そうして、それはMS-Officeの上手な使い方、Googleでうまくキーワードを指定するコツ、HTMLのきれいな書き方、Wikiのような編集ツールのコマンド、といった事項だけではない。
掲示板などで流れた様々な情報、さらに書籍・雑誌なども含めて、うまくまとめサイトに落とし込む方法、さらに継続して運営する心得とコツ、などのほうが重要なはず。

…なんのことはない、従来、出版やアカデミズムな場において行われていたことを、インターネット上でどううまくやるかに近いわけだが。

事典/辞書といい、入門書といい、必ず編纂者/編集者がいて、凡例や編纂者の見解があり、それを了解しつつひもとくのが普通だった。つまり、視点と立場を明示した上で、それに沿って構成されるものだった。百科事典であっても、それは同様。
名無しや匿名が大量に言説空間を作る現在、視点も立場も何もかもフラットに入り乱れる時、インターネット上でもそれが可能なのだろうか。
Wikipediaはすてきな存在だが、難しいのはここだろう。しかも、こういうものが複数存在し得なければ、比較によって読み手が取捨選択する機会も減っていくことになる。

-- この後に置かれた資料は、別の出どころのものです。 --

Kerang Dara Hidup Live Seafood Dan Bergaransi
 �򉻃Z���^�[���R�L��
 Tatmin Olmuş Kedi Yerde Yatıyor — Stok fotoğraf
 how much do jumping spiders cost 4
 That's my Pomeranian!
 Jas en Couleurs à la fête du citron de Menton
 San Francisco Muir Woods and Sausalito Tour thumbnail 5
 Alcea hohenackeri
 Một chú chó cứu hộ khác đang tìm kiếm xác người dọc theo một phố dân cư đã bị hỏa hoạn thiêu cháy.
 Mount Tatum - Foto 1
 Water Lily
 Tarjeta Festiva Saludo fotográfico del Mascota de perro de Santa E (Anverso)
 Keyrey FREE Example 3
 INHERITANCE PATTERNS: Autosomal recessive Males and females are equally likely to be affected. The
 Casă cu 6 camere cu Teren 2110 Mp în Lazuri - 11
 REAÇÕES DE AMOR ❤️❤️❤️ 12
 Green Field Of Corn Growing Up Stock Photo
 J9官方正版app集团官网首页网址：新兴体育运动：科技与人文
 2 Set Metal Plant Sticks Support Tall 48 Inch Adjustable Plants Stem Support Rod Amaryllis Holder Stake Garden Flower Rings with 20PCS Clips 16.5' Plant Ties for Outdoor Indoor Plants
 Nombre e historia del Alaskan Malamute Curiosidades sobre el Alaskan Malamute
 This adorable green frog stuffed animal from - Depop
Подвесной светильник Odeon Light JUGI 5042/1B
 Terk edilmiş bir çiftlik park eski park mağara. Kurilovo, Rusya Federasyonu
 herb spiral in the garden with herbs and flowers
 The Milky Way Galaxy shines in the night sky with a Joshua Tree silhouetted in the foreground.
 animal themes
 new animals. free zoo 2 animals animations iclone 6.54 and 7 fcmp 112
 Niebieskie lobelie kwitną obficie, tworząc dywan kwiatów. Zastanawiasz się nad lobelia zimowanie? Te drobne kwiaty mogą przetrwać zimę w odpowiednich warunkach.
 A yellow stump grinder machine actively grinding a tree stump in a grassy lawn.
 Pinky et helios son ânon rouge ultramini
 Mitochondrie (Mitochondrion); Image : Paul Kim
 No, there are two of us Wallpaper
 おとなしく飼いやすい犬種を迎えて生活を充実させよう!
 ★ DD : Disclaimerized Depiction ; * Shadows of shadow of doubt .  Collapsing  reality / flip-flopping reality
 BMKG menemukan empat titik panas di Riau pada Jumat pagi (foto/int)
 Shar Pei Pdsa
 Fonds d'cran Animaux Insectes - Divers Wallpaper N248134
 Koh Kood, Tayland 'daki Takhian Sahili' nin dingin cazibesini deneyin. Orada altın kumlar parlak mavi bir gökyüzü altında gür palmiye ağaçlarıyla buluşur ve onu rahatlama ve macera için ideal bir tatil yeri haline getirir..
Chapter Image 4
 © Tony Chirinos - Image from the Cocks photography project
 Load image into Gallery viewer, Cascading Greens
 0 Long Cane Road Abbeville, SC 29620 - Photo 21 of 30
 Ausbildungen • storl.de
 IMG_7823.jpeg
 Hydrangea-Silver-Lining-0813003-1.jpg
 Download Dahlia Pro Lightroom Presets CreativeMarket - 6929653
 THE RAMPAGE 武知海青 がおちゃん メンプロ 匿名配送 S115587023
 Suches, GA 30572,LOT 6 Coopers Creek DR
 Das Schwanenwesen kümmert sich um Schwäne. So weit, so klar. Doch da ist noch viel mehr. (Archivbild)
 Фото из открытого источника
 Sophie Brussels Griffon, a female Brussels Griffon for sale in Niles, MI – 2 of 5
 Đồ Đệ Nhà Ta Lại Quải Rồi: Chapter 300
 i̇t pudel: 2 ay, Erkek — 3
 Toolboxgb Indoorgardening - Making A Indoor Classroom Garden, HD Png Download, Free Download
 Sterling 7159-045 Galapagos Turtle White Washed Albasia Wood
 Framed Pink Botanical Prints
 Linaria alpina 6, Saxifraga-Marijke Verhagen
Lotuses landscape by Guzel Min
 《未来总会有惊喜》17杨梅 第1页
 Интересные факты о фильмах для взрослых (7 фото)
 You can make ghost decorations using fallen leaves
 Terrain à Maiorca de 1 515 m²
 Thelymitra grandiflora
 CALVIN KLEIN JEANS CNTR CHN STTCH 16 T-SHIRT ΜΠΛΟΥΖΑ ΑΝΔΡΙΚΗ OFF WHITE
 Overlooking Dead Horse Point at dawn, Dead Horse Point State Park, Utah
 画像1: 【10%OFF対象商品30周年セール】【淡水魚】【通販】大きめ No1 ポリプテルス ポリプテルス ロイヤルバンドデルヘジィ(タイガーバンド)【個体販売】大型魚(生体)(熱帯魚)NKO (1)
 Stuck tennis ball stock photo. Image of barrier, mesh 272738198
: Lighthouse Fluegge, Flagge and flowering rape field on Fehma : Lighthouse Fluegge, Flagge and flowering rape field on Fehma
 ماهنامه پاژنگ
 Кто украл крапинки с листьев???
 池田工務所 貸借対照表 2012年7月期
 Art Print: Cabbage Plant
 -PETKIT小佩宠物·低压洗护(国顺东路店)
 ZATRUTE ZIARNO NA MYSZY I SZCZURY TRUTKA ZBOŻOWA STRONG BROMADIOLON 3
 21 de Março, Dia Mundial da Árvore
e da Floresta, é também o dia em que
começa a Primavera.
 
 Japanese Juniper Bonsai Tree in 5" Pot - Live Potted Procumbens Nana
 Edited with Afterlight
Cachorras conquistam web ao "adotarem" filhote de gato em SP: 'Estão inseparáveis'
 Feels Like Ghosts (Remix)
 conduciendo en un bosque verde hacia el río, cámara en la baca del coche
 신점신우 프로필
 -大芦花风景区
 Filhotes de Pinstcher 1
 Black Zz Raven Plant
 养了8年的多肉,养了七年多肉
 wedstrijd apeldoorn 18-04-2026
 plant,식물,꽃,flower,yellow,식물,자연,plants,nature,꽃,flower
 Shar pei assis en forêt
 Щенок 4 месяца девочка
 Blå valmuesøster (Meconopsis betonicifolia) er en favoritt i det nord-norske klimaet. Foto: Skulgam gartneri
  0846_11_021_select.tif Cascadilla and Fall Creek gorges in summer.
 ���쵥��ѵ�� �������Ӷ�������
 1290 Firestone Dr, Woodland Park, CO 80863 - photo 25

GoogleやYahoo!、Wikipediaなどがすごいサービスを提供し続けているのは間違いないのだが、送り手にも受け手にも高度なリタラシーが求められる時代は、これまでなかったんじゃないか。
でも、王制から民主主義制への移行においても、同様だった(その頃は出版や放送が大きな役割を担った)。だから、飛行機による移動の加速と、インターネットによる時空のフラット化が進む今においても、もっと多くの人々が流れ込んで発言しあい、調整していく過程で、さらなるリタラシー向上が進む。少なくともそうであると信じている。
ただし、それが英語中心に進む世の中が、果たしていいのか。また、一つの企業がほぼ独占的に仕切る状態になっていいのか(とはいえ、リソースが大量に束ねられるからこそ、便利であるのだが)。
すぐに結論が出ない。でも、時々考えて、メモを残していきたいことではある。